The carrier lowered its pre-share profit prediction to $6-$7, compared with the previous target of more than $7 in 2021.
News of the airline’s lowered outlook saw the company’s shares drop more than 8 per cent, it’s biggest one-day drop since March 2022.
Despite the lowered outlook, Delta’s chief executive officer, Ed Bastian, said in a statement that 2023 was a great year for Delta.
“Our people and their commitment to deliver unmatched service excellence for our customers is at the foundation of Delta’s success,” Bastian said.
“We are thrilled to recognise their outstanding work with $1.4 billion in profit sharing payments next month.”

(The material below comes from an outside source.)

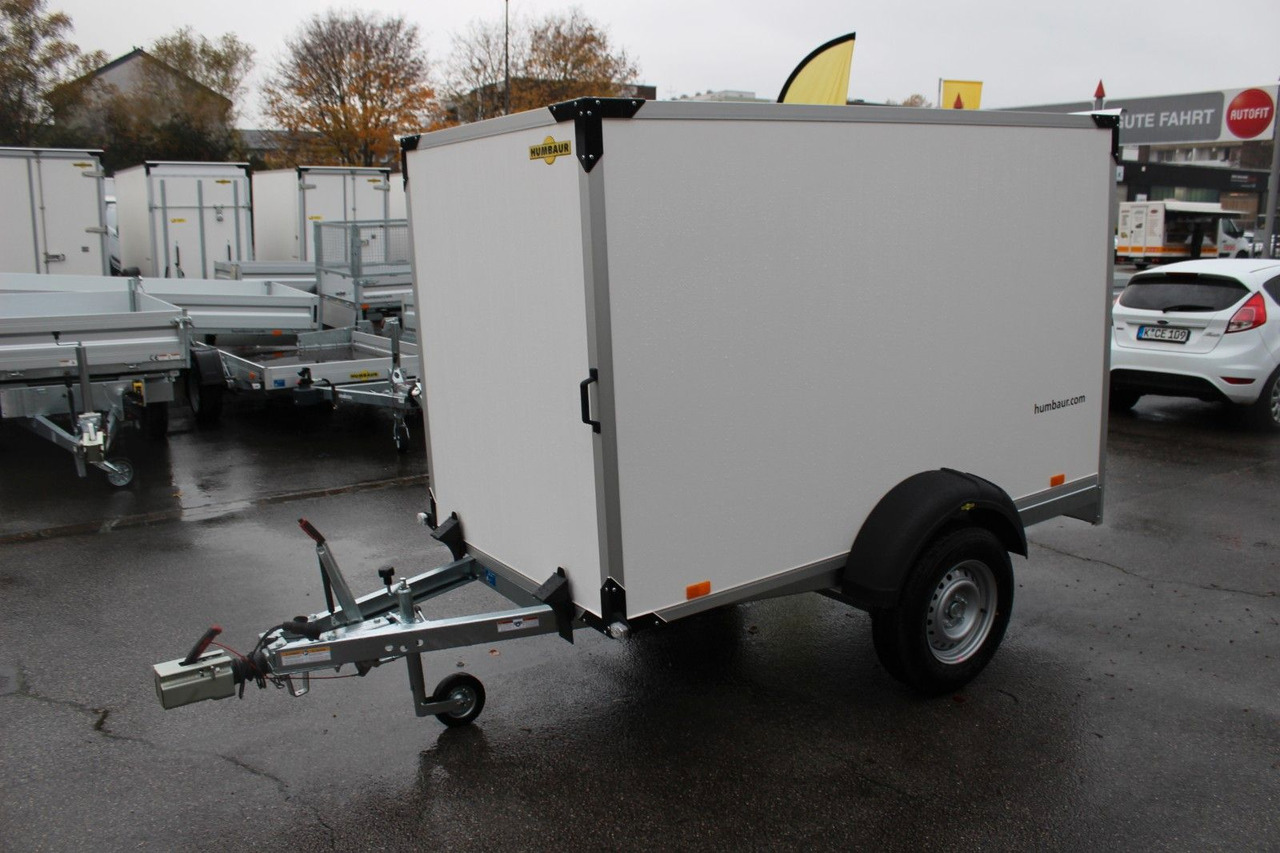 Humbaur HK132513-15P FlexZur Kofferanhänger 1300kg - بصندوق مغلق مقطورة: صور 2 Humbaur HK132513-15P FlexZur Kofferanhänger 1300kg - بصندوق مغلق مقطورة: صور 2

Aircraft maintenance costs and an industry-wide shortages of parts and labour have impacted aircraft deliveries, forcing carriers to fly older planes and hence drive up the costs of maintenance and repairs. Delta’s costs were up 23 per cent in 2023 and the company told investors that costs were expected to be up $350m in 2024 from a year ago, according to Reuters. However, the airline announced that it has ordered 20 A350-1000 aircraft as it looks to meet its needs for modern efficient widebodies. These aircraft are scheduled to begin in 2026.
In the December quarter of 2023, Delta saw an operating income of US$1.3b and the airline saw an operating income of $6.3b across the whole year.